Television station in Baltimore

WUTB (channel 24) is a television station in Baltimore, Maryland, United States, airing programming from the digital multicast network Roar. It is owned and operated by Sinclair Broadcast Group alongside Fox/MyNetworkTV affiliate WBFF (channel 45) and co-managed with CW affiliate WNUV (channel 54). The stations share studios on 41st Street off the Jones Falls Expressway in the Woodberry neighborhood of north Baltimore. Through a channel sharing agreement, WUTB and WBFF transmit using the latter station's spectrum from an antenna adjacent to the studios.

==History==
===Prior history of channel 24 in Baltimore===

The channel 24 allocation in Baltimore was originally occupied by WMET-TV, which began broadcasting on March 1, 1967, as the first UHF station in Baltimore and the city's fourth. It was a low-budget and low-powered station that was sister to WOOK-TV/WFAN-TV in Washington, D.C. Both stations were owned by United Broadcasting Company. The original channel 24 was headquartered in the former Avalon Theatre on Park Heights Avenue. In 1972, both stations ceased broadcasting due to financial difficulties.

===As WKJL/WHSW===
In February 1977, Jesus Lives, Inc., whose president hosted a syndicated talk show of the same name, applied to build a new station on channel 24. The firm promised to use the station "as a tool to spread the Gospel of Jesus Christ". A competing applicant, Buford Television of Maryland, eyed the station for possible use to transmit subscription television. Jesus Lives ended the comparative hearing in December 1980 by buying out Buford Television's bid.

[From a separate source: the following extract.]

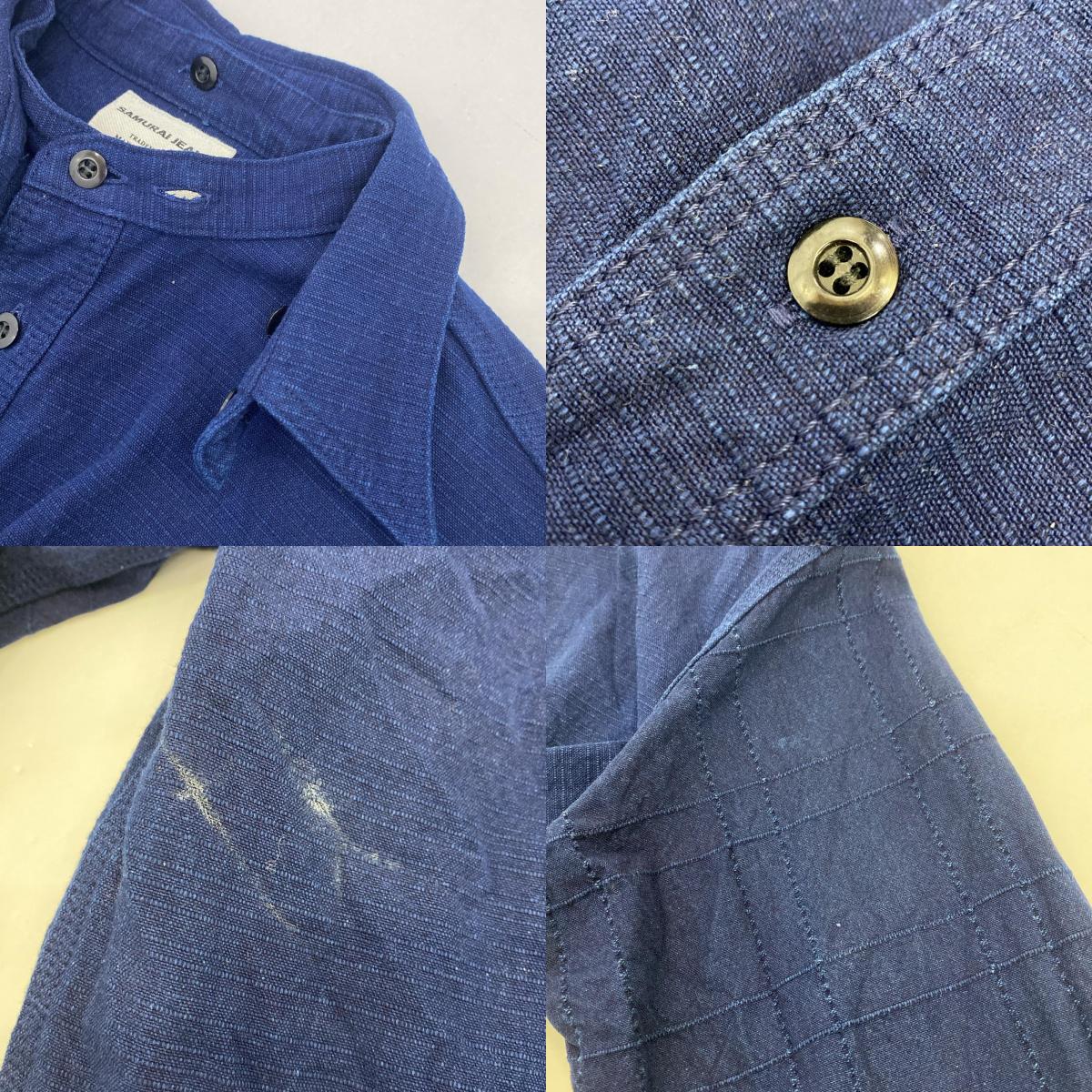 SAMURAI JEANS | サムライジーンズ 藍襟脱着切り替えシャツ 長袖シャツ SSS25-YRC ネイビー サイズ:L【姫路東店】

The construction of WKJL-TV went very slowly. The founder, Rev. Philip Zampino, moved to Florida, and the license fight had saddled Jesus Lives with legal fees. By 1982, the station project a late 1984 launch. $75,000 had been raised to purchase and prepare a site in the Randallstown area, of $100,000 needed. However, fundraising continued to lag, and so too did construction activities. Jesus Lives, which renamed itself Look and Live Ministries, accepted a $100,000 loan from Liberty Baptist College (now Liberty University), owned by Jerry Falwell, in late 1984 to accelerate the process. Right before going on air, Look and Live agreed to sell the station to Family Media Inc., a subsidiary of Christian publishing company Thomas Nelson.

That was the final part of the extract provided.